Phillips 66 is a leading player in each of its operations like refining, chemicals and midstream in terms of size, efficiency and strength. The company is a leader in the midstream business, which generates stable fee-based revenues. Phillips 66, is well-positioned for making massive profits from higher demand for distillate fuels.
Contributions from the olefins and polyolefins business, backed by high demand, continue to drive PSX’s chemicals segment. Phillips 66’s move of expanding its footprint in the battery supply chain through its NOVONIX investment is praiseworthy.
Phillips 66 has an expected earnings growth rate of more than 100% for the current year. The Zacks Consensus Estimate for current-year earnings improved more than 100% over the last 60 days.

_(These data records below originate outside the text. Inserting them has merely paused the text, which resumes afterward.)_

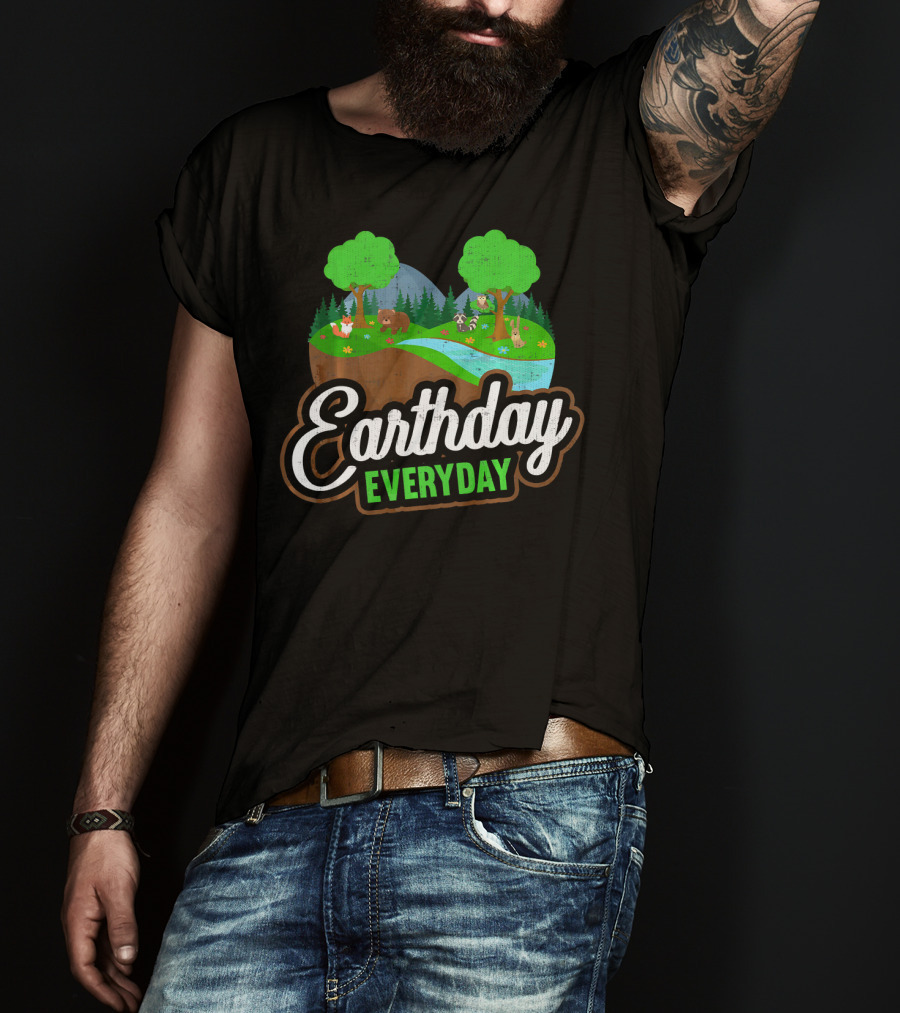 Earth Day Every Day Conservation Wildlife Nature Scene T-Shirt
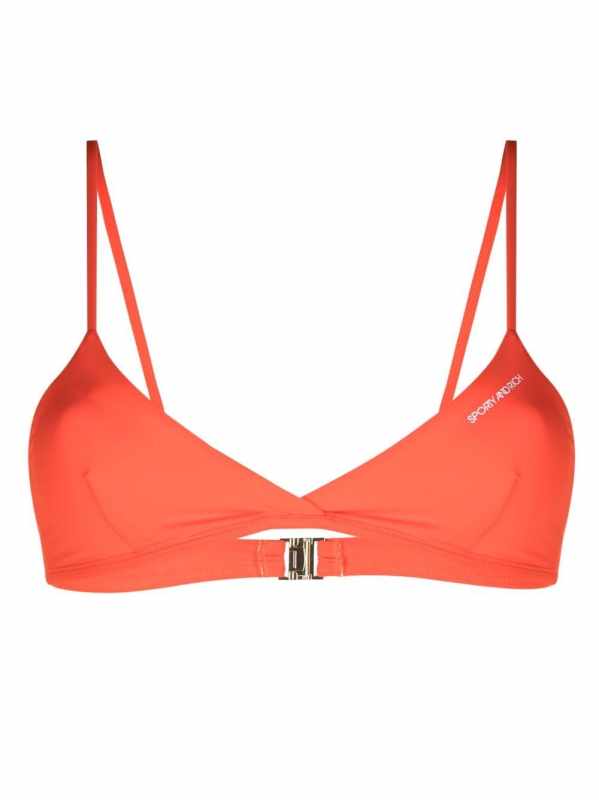 logo-print bikini top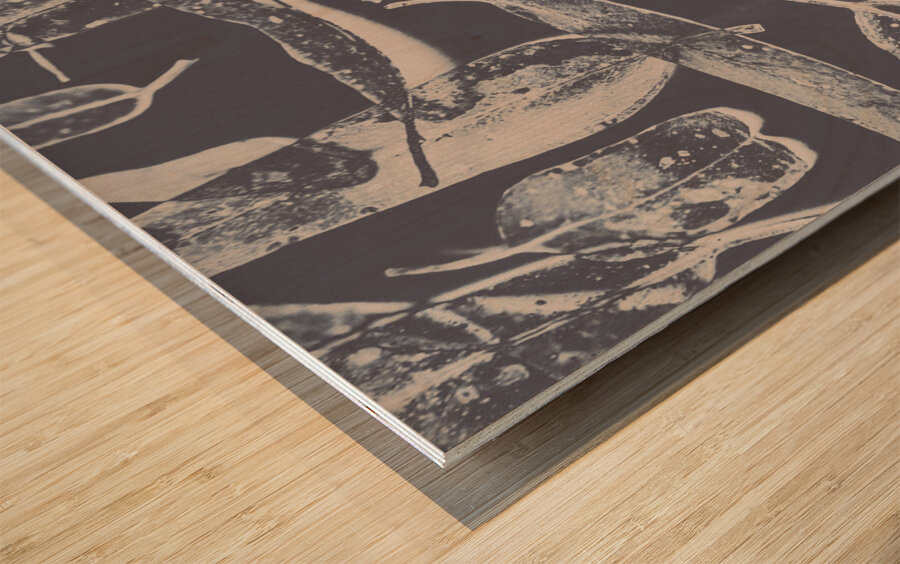 Abstract design tree leaves background Wood print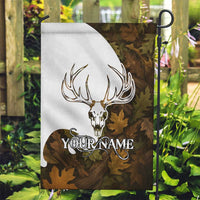 Custom Deer Hunting Skull Garden Flag with Antlers Graphic on Autumn Leaf Camo Background - Wonder Print Shop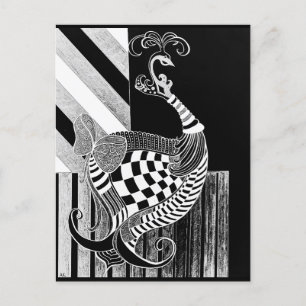Chess and Bow NIGHT peacock illustration Postcard
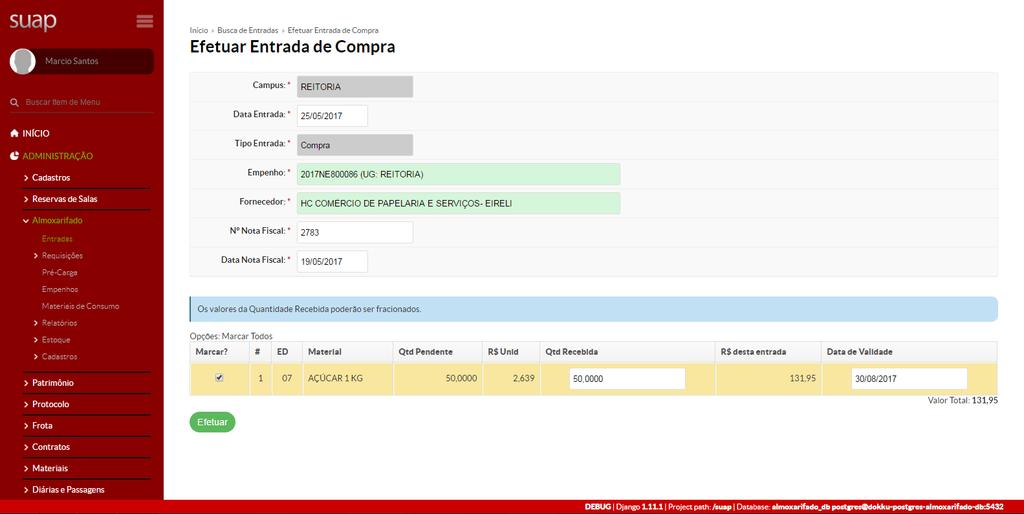 Entradas Adicionar Compras Data de Validade.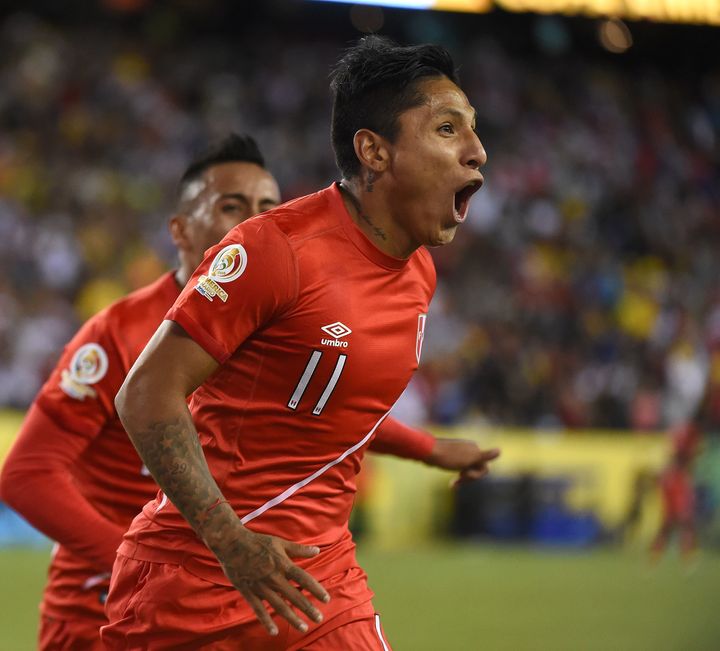 Peru's Raul Ruidiaz celebrates after scoring against Brazil during their Copa America Centenario football tournament match in Foxborough, Massachusetts.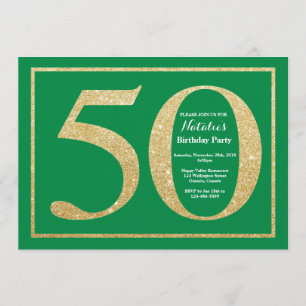 50th Birthday Green en Gold Glitter Kaart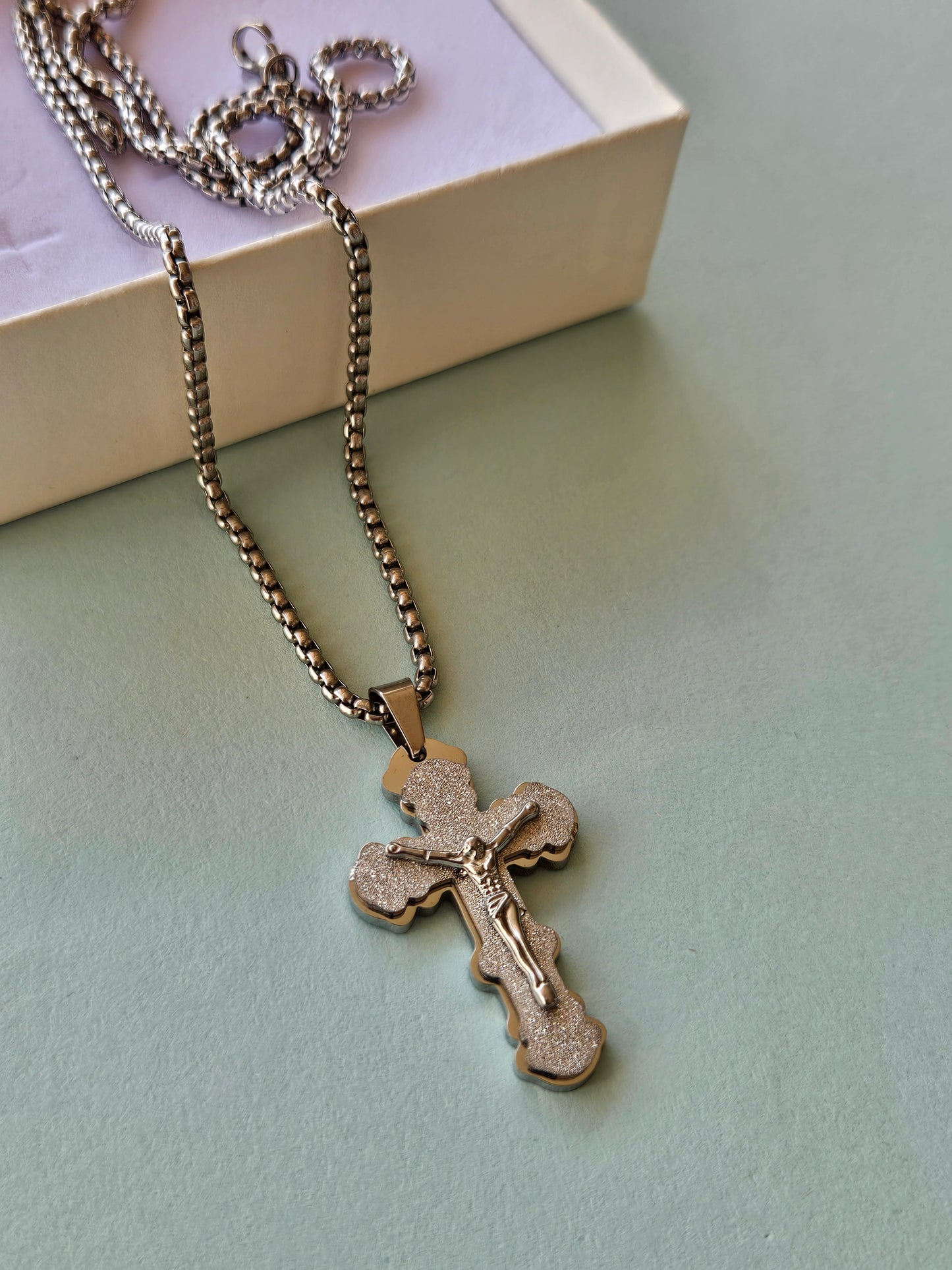 Collana con crocifisso argento in acciaio inossidabile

Williams-Sonoma Inc. is a multi-channel specialty retailer of premium quality home products. WSM continues to enhance the e-commerce channel, optimize the supply chain and undertake cost-control measures to drive growth. Williams-Sonoma is focused on enhancing customer experience through technology innovation and operational improvement.
In order to drive brand awareness and increase customer engagement and cross-selling opportunities, WSM shifted its advertising spend toward social media campaigns and in cross-brand initiatives. Cross-brand initiatives such as The Key, Design Crew Room Planner and The One Registry are expected to be incremental growth drivers for all its brands going forward.
Williams-Sonoma has an expected earnings growth rate of 57.2% for the current year (ending January 2022). The Zacks Consensus Estimate for current-year earnings improved 0.1% over the last 7 days.
Pool Corp. is the world's largest wholesale distributor of swimming pool supplies, equipment and related products. In addition, it is a leading regional wholesale distributor of irrigation and landscape products. POOL is benefitting from the solid performance of its base business, large market presence and strategic expansions through acquisitions.
POOL is also benefiting from solid demand across heaters, pumps, filters, lighting, automation and pool remodeling. POOL remains optimistic on the back of products (such as automation and the connected pool), the continuation of the de-urbanization trends and the strengthening of the southern migration.
POOL has an expected earnings growth rate of 80.2% for the current year. The Zacks Consensus Estimate for current-year earnings improved 7.5% over the last 60 days.